Probability per unit length for some more interesting harmonic oscillator states.

Suppose we form the wavefunction for a superposition of all the normalizable states

\begin{aligned}u(x,t) = \sum_n A_n H_n(\xi) e^{-\xi^2/2} e^{-i E_n t/\hbar}\end{aligned} \hspace{\stretch{1}}(2.6)

Here it is assumed that the A_n coefficients yield unit probability

\begin{aligned}\int {\left\lvert{u(x,0)}\right\rvert}^2 dx = \sum_n {\left\lvert{A_n}\right\rvert}^2 = 1\end{aligned} \hspace{\stretch{1}}(2.7)

For the impure state of 2.6 we have for the probability density

\begin{aligned}{\left\lvert{u}\right\rvert}^2&=\sum_{m,n}A_n A_m^{*} H_n(\xi) H_m(\xi) e^{-\xi^2} e^{-i (E_n - E_m)t_0/\hbar} \\ &=\sum_n{\left\lvert{A_n}\right\rvert}^2 (H_n(\xi))^2 e^{-\xi^2}+\sum_{m \ne n}A_n A_m^{*} H_n(\xi) H_m(\xi) e^{-\xi^2} e^{-i (E_n - E_m)t_0/\hbar} \\ &=\sum_n{\left\lvert{A_n}\right\rvert}^2 (H_n(\xi))^2 e^{-\xi^2}+\sum_{m \ne n}A_n A_m^{*} H_n(\xi) H_m(\xi) e^{-\xi^2} e^{-i (E_n - E_m)t_0/\hbar} \\ &=\sum_n{\left\lvert{A_n}\right\rvert}^2 (H_n(\xi))^2 e^{-\xi^2}+\sum_{m < n}H_n(\xi) H_m(\xi)\left(A_n A_m^{*}e^{-\xi^2} e^{-i (E_n - E_m)t_0/\hbar}+A_m A_n^{*}e^{-\xi^2} e^{-i (E_m - E_n)t_0/\hbar}\right) \\ &=\sum_n{\left\lvert{A_n}\right\rvert}^2 (H_n(\xi))^2 e^{-\xi^2}+2 \sum_{m < n}H_n(\xi) H_m(\xi)e^{-\xi^2}\Re \left(A_n A_m^{*}e^{-i (E_n - E_m)t_0/\hbar}\right) \\ &=\sum_n{\left\lvert{A_n}\right\rvert}^2 (H_n(\xi))^2 e^{-\xi^2}  \\ &\quad+2 \sum_{m < n}H_n(\xi) H_m(\xi)e^{-\xi^2}\left(\Re ( A_n A_m^{*} ) \cos( (n - m)\omega t_0)+\Im ( A_n A_m^{*} ) \sin( (n - m)\omega t_0)\right) \\ \end{aligned}

Evaluation at the point x = 0, we have

\begin{aligned}{\left\lvert{u(0,t_0)}\right\rvert}^2=\sum_n{\left\lvert{A_n}\right\rvert}^2 (H_n(0))^2 +2 \sum_{m < n} H_n(0) H_m(0) \left( \Re ( A_n A_m^{*} ) \cos( (n - m)\omega t_0) +\Im ( A_n A_m^{*} ) \sin( (n - m)\omega t_0)\right)\end{aligned} \hspace{\stretch{1}}(2.8)

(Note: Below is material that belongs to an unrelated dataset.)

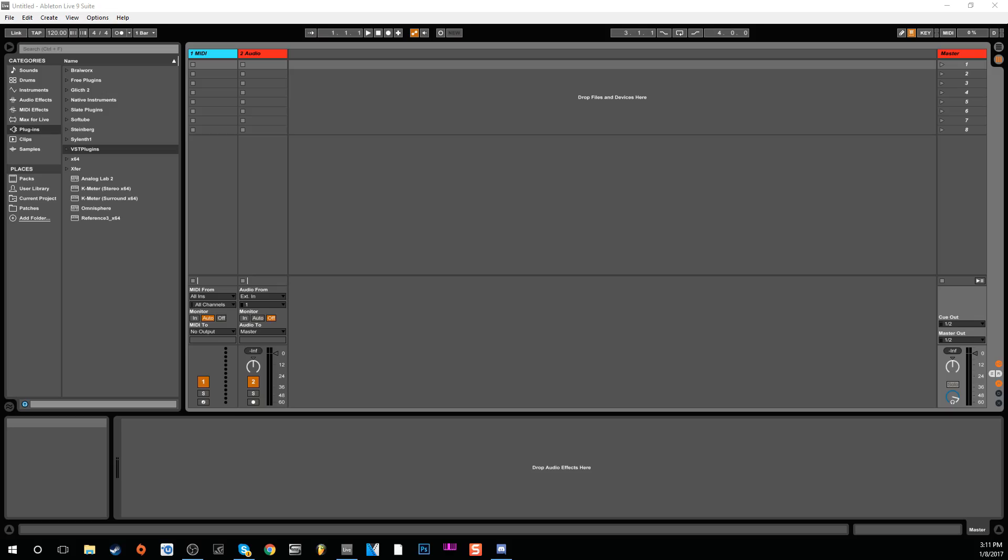What is up everybody, it is your boy Slim aka Mr. Different, back with another video. Today we're going to continue my series of getting started with Ableton Live. I appreciate all the support, likes, and comments from the previous video. I know a lot of people aren't happy about it because they're FL Studio users, but this video is for people who want to learn and use Ableton Live.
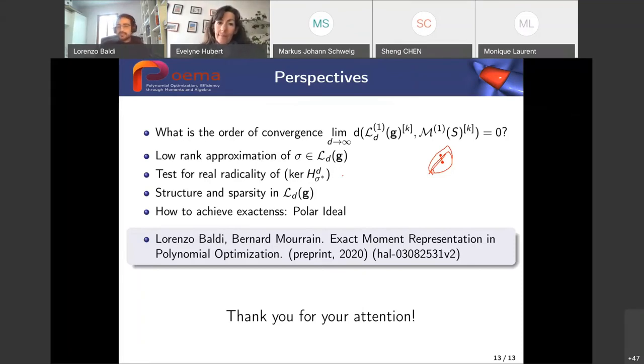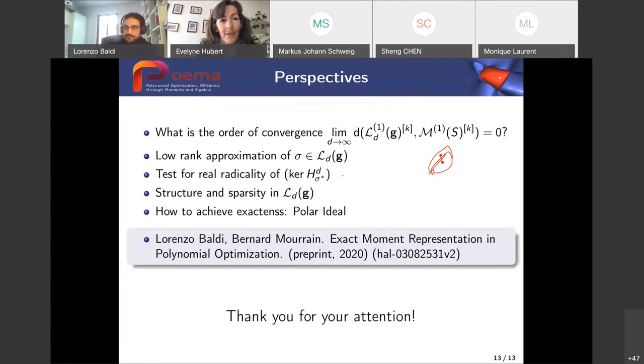Here you have the reference for the preprint. Thank you for your attention. Thank you very much, Lorenzo.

It is interesting that the probability per unit length only has time dependence for a mixed state.

For a pure state and its wavefunction u(x,t) = N_n H_n(\xi) e^{-\xi^2/2} e^{-i E_n t/\hbar} we have just

\begin{aligned}{\left\lvert{u(0,t_0)}\right\rvert}^2=N_n^2 (H_n(0))^2 = \frac{\alpha}{\sqrt{\pi} 2^n n!} H_n(0)^2\end{aligned} \hspace{\stretch{1}}(2.9)

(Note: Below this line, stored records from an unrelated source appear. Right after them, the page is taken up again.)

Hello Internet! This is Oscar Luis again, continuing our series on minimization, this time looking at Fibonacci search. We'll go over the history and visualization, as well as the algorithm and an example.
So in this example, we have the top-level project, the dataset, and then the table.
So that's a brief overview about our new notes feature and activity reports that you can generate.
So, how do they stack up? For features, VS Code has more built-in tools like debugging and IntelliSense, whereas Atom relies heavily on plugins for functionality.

This is zero for odd n. For even n is appears that (H_n(0))^2 may equal 2^n (this is true at least up to n=4). If that’s the case, we have for non-mixed states, with even numbered energy quantum numbers, at x=0 a probability per unit length value of {\left\lvert{u(0,t_0)}\right\rvert}^2 = \frac{\alpha}{\sqrt{\pi} n!}.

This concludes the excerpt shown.